Divisional overviews – Financial Services

Japie van Niekerk     Commercial Products

Japie van Niekerk
Chief executive

Bidvest Financial Services’ diversification strategy is paying off, resulting in an excellent year. Trading profit increased 7,4% for the year, which follows an exceptional 2016 financial year. Moody’s upgraded Bidvest Bank’s long-term national scale rating to Aa2 from A1. Bidvest Bank remains the highest rated among South Africa’s second tier banks.

 

Contribution to
trading profit

10%

Moody’s upgraded Bidvest Bank’s rating to Aa2
Leasing revenue grew
Insurance delivered pleasing result

Salient features

  • Bidvest Bank drove improvements in its leasing revenue as well as trading and investment income.
  • The Botswana Bureau has new management, which is initiating a turnaround and tightly controlling costs.
  • The insurance business completed 2017 with a pleasing contribution.
Driving innovation

Innovation and technological advancement is vital in a sector as fast moving as financial services.

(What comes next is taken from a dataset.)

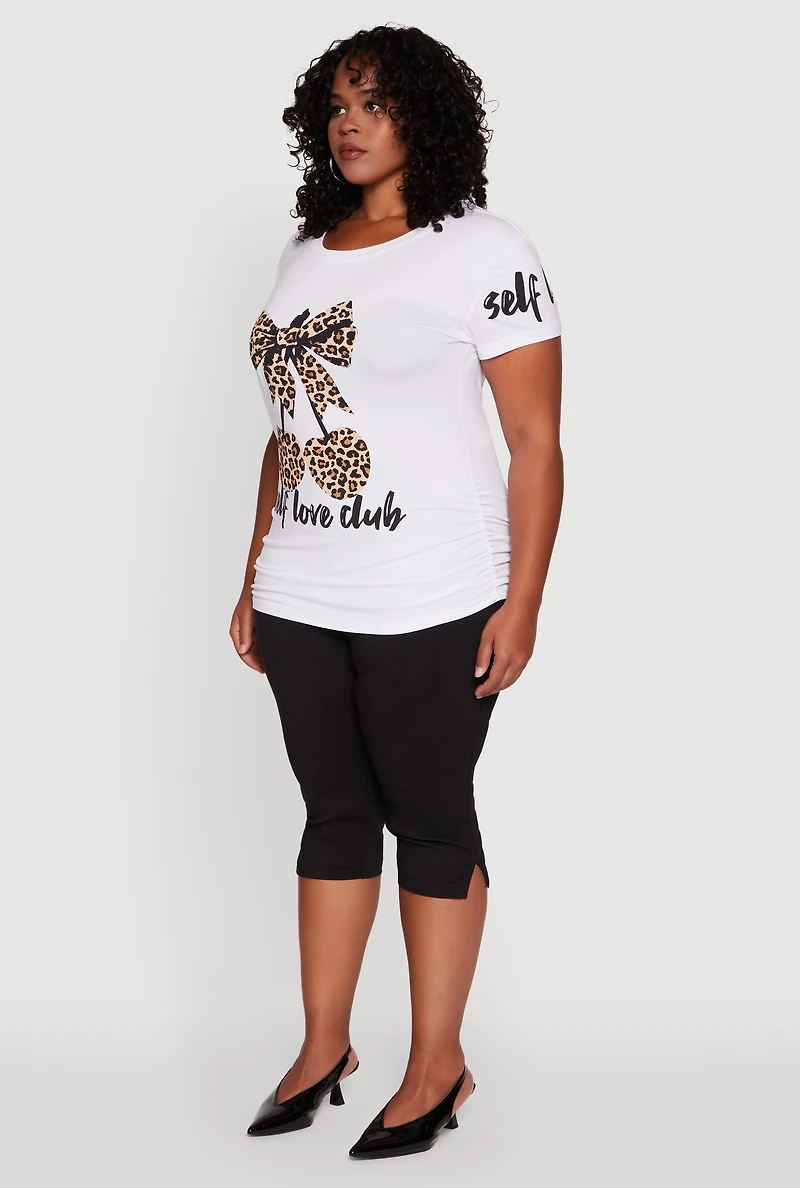 Womens Plus Self Love Club Leopard Print Detail Graphic Tee, White,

In achieving our position as the leading second tier bank in South Africa, Bidvest Bank has been able to move rapidly, and act responsively.

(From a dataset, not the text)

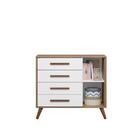 Kit Quarto De Bebe Retro Genova Carvalho Rustico Branco Com C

Our innovation and diversification is serving our customers well, giving them the solutions that, in turn, allow them to “get it done” smarter and faster. This ethos is driven by an entrepreneurial mindset, service excellence, market and technological innovation, as well as strategic, value-adding partnerships.

We have revolutionised our core banking system and we are implementing the largest information technology intervention in the history of the bank. This new operating system is expected to have a significant positive impact on our customer’s interaction with the bank.

Several exciting new banking and insurance products have been launched, which, added to our recent acquisitions, enhances and diversifies our product and service offering. Expansion in our fleet management and transactional banking offering continues, and we have launched our new business banking offering. Additional acquisitions will be made in the new financial year as we continue to diversify our income streams, products and services in both the banking and insurance sectors.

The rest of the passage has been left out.